Mo, LOVED drugs. It drove her boyfriend nuts. I'm not sure exactly how he felt about about me in general, I think that he respected that I was an "old school" punk, but was uneasy about the relationship that me and Mo had with one another, and as far as the drugs, realistically, I can't really fault him for that. He should have actually kicked my ass or at least came to me and spoke up and said, "Look dude, I don't wan't you giving drugs to my girlfriend, it's fucking her up, and blah blah..." I mean , who knows, I might have even respected him enough to have actually said, "Sure man, no problem", But he never did...  There was one night at a party where I was drunk, and I'm not sure exactly what brought it on but I guess things had gotten "weird" or something between me and Mo and she decided to lecture me and the only thing I recall her saying was, "...ever since you started doing speed you.." and that's when I interrupted her and said something like, "Okay, stop! I don't need to hear this shit! Like who the fuck are you to lecture ME about something like that?" and I just walked away from her, she ran off, I assume crying. I mean seriously, every time she and I were alone together, she was practically begging me for the shit, and now she wants to fucking lecture me, what the fuck was that?!? Anyway, about a minute later, there's her boyfriend yelling in my face about how much she loves me and cares about me and how could I treat her like that and other horseshit, and I just looked at him and calmly said, "So are you gonna hit me now?" It seemed to throw him off a bit but he continued his "lecture/yelling fit" calling me a tweaker/asshole and other shit. I ended up just saying "fuck this" and leaving. I walked all the way back to Kara's from there, smashing a storefront window along the way. I got into heroin less than a year later.

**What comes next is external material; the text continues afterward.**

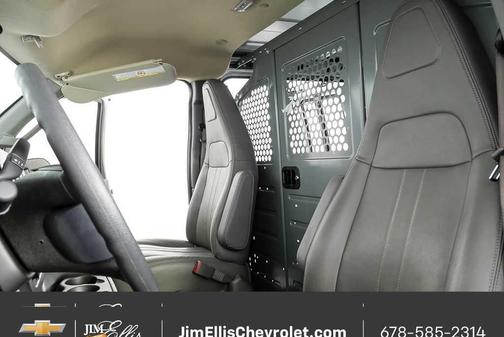 2025 Chevrolet Express 2500 RWD 2500 Regular Wheelbase WT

With Amy, it wasn't quite as often, cause her boyfriend kept her on a pretty short leash, so she always had to be really sneaky about it, so if there was ever any problems that followed, it never got back to me.
Basically, with the girls, not just these three, cause there was more that came into the picture, was they loved the drugs, they liked me and their boyfriends couldn't stand it!

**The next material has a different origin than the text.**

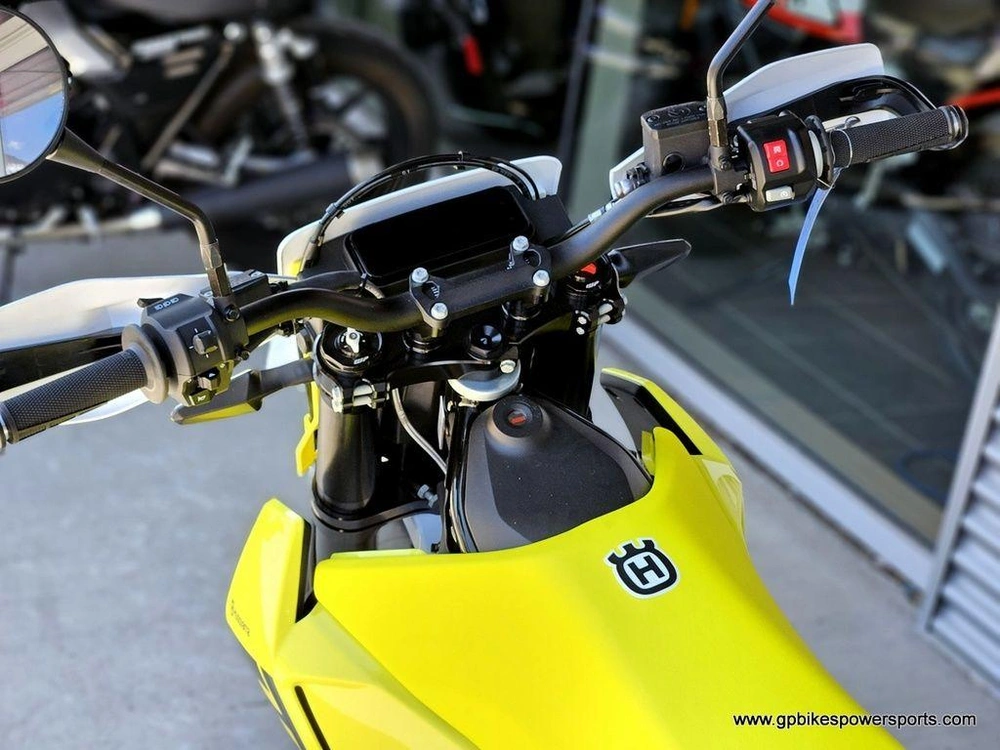 2026 Husqvarna 701 Supermoto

But the boyfriends weren't so innocent either...
(Before I move on, last time I saw Mo she showed up at "The Rat Cage", this crazy punk house where I lived. She seemed like she'd matured quite a bit and seemed rather taken aback by what she saw from me. (I really was a trainwreck at that time). I believe these days, she's living up in Eugene, OR raising a couple kids. I've made no attempt to contact her as I'm pretty sure she wants nothing to do with me. As for Amy, I have no clue of her whereabouts. last time I saw her was in 1999 when she visited us in Oakland. She had moved to Canada and had gotten married if I remember correctly)

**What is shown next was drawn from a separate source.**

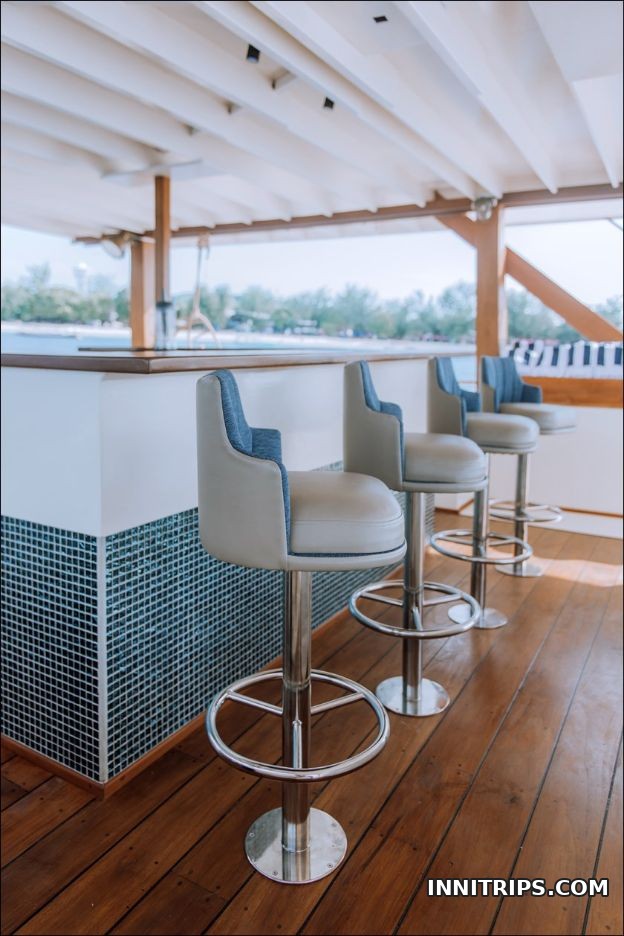 Relax on deck · Gili cruise photo 10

Mo's boyfriend's name was Aaron. He was always known a hard drinking, brawling, rowdy individual. One night on 2006 or '07 he left a bar very drunk and wrecked on his motorcycle and was in a coma for a couple months. He's since recovered but has never fully gained all his senses and is a shell of the person he once was. Last I heard, he was was working, scooping ice cream

I'm not totally sure about the time frame, but I'm guessing probably 1996, some new characters came into the mix, these guys had more of a skinhead (not the white power "bonehead" variety) background. There was John and Matt from Chicago. Matt was a complete lunatic, cool guy, but creepy and intimidating. John, aka "Lonely John" (Kara gave him that moniker), who ended up going Punk. Then there was Dennis, who had a mohawk when he first showed up then went skin, he was quiet, but a pretty violent douchebag. He was pretty hard to read, but I always got a bad vibe off him. Then there was Bill Jackson, who'd been around the Bay Area for a while, but suddenly started hanging around, Bill was an ugly cockeyed fucker, but a damn good drummer, that took an almost instant dislike to me. He in particular attempted to use one of those moralistic approaches to defend his dislike toward me as reasoning toward my habits. In fact, I'll start with him.


When I first met Bill, he seemed vaguely familiar, like I'd seen him around. I think to Bill, I was just one of those people that no matter what, he was always gonna take issue with me in some way, and the fact that I was much better looking, his new friends had issues with me and that I was strung out on drugs that he despised gave him all the excuses and fuel he needed to justify his dislike. Only problem was as long as I was in the east bay, I was connected to that group of people cause I was there before him and living with Buck, Kara and Lilia(who happened to be my girlfriend at the time), not to mention I was still good friends with Amy and still on good terms with various members of his household, so like me or not, Bill was just gonna have to deal with it, but I did make an effort to not antagonize him and be friendly.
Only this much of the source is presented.